WORK INSTRUCTIONS:
Every line below from the one with "Red pencil skirt" through the one with "TVS Apache 160" should be retyped exactly, both ends included; no other lines and no pictures.

DATA FOR THE TASK:

▼

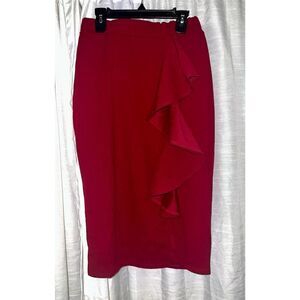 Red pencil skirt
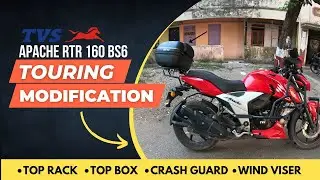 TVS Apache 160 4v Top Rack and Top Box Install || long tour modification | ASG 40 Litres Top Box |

▲
▼

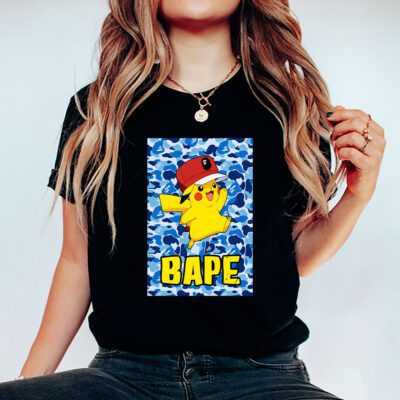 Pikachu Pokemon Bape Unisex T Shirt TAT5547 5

▲

ANSWER BOX:
 Red pencil skirt
 TVS Apache 160 4v Top Rack and Top Box Install || long tour modification | ASG 40 Litres Top Box |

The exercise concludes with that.